Reputation: 6159
I would like to scrape name, address informations between tag contains defendent text and another tag,
My HTML structure is:
<hr>
<H5>Defendant/Respondent Information</H5>
<span class="InfoChargeStatement">(Each Defendant/Respondent is displayed below)</span>
<table>
<tr>
<td><span class="FirstColumnPrompt">Party Type:</span></td><td><span class="Value">Defendant</span><span class="Prompt">Party No.:</span><span class="Value">1</span></td>
</tr>
</table>
<table>
<tr>
<td><span class="FirstColumnPrompt">Name:</span></td><td><span class="Value">Name 1</span></td>
</tr>
</table>
<table>
<tr>
<td><span class="FirstColumnPrompt">Address:</span></td><td><span class="Value">Addr 1</span></td>
</tr>
<tr>
<td><span class="FirstColumnPrompt">City:</span></td><td><span class="Value">city1</span><span class="Prompt">State:</span><span class="Value">aa</span><span class="Prompt">Zip Code:</span><span class="Value">Zip1</span></td>
</tr>
</table>
<hr>
<table>
<tr>
<td><span class="FirstColumnPrompt">Party Type:</span></td><td><span class="Value">Defendant</span><span class="Prompt">Party No.:</span><span class="Value">2</span></td>
</tr>
</table>
<table>
<tr>
<td><span class="FirstColumnPrompt">Name:</span></td><td><span class="Value">Name 2</span></td>
</tr>
</table>
<table>
<tr>
<td><span class="FirstColumnPrompt">Address:</span></td><td><span class="Value">Addr2</span></td>
</tr>
<tr>
<td><span class="FirstColumnPrompt">City:</span></td><td><span class="Value">City2</span><span class="Prompt">State:</span><span class="Value">st2</span><span class="Prompt">Zip Code:</span><span class="Value">zip2</span></td>
</tr>
</table>
<hr>
<H5>Related Persons Information</H5>
<span class="InfoChargeStatement">(Each Related person is displayed below)</span>
<table>
<tr>
<td><span class="FirstColumnPrompt">Name:</span></td><td><span class="Value">Unwanted Name</span></td>
</tr>
</table>
<table>
<tr>
<td><span class="FirstColumnPrompt">Address:</span></td><td><span class="Value">un addr</span></td>
</tr>
<tr>
<td><span class="FirstColumnPrompt">City:</span></td><td><span class="Value">Unwanted City</span><span class="Prompt">State:</span><span class="Value">Unwanted city</span><span class="Prompt">Zip Code:</span><span class="Value">12345</span></td>
</tr>
</table>
<table></table>
<hr>
My current XPATH capturing the first occurence of Name and address properly, but if need to extract the multiple occurences, it also scrape the information from the unwanted h5 tags.
My current XPATH is,
"//*[contains(text(),'Defendant')]//following-sibling::table//span[text()='Name:' or text()='Business or Organization Name:']/ancestor-or-self::td/following-sibling::td//text()")
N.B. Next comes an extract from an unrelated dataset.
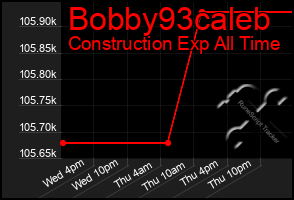 Total Graph of Bobby93caleb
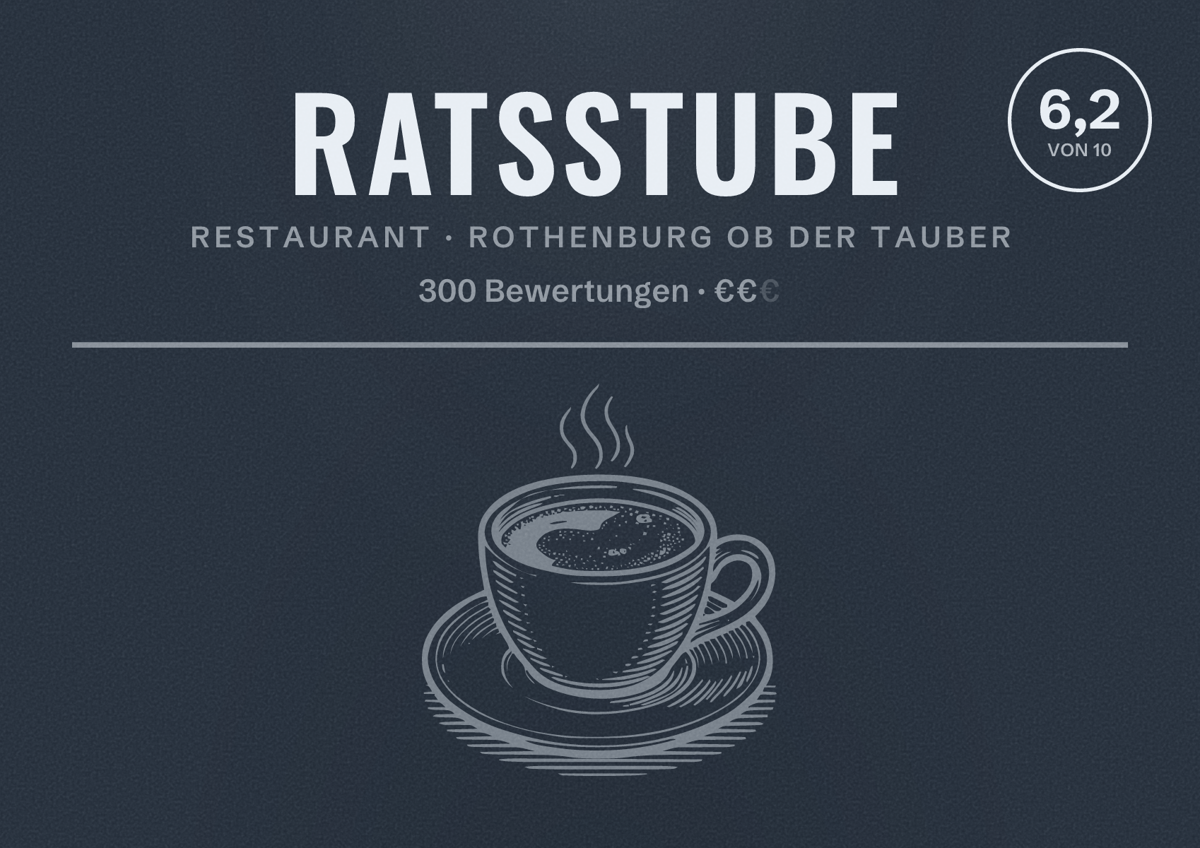 Illustriertes Poster von Ratsstube, Restaurant in Rothenburg ob der Tauber: Bewertung 6,2 von 10 aus 300 Bewertungen, Preisniveau €€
I tried including preceding sibling and following sibling but nothing gives my expected output,
My current output is..
names - [
Name1,
Name2
Unwanted Name,
]
Expected output is,
[
Name1
Name2
]
Kindly help.
Upvotes: 1
Views: 545
Reputation: 4834
try this:
"//H5[contains(text(),'Defendant')]/following-sibling::table[not(preceding-sibling::H5[not(contains(text(),'Defendant'))])]/tr[td[1][span[text()[.='Name:' ]]]]/td[2]/span/text()"
It first selects the table that has not
a preceding-sibling::h5
with text()
that not
contains
'Defendant'
and than
selects from the correct table the tr
where the first td
meets your requirements and selects the second td
No need for double slashes which is bad for performance
EDIT 1
Since there are more preceding-sibling::h5 than the example shows, this XPath
will deal with that:
"//H5[contains(text(),'Defendant')]/following-sibling::table[preceding-sibling::H5[1][contains(text(),'Defendant')]]//tr[td[1][span[text()[.='Name:' ]]]]/td[2]/span/text()"
This will only select those tables that have as there first preceding-sibling::h5 the same h5 as we were interested in
EDIT 2
Actually now the first h5
select is redundant. This XPath
will do:
"//table[preceding-sibling::H5[1][contains(text(),'Defendant')]]//tr[td[1][span[text()[.='Name:' ]]]]/td[2]/span/text()"
Upvotes: 1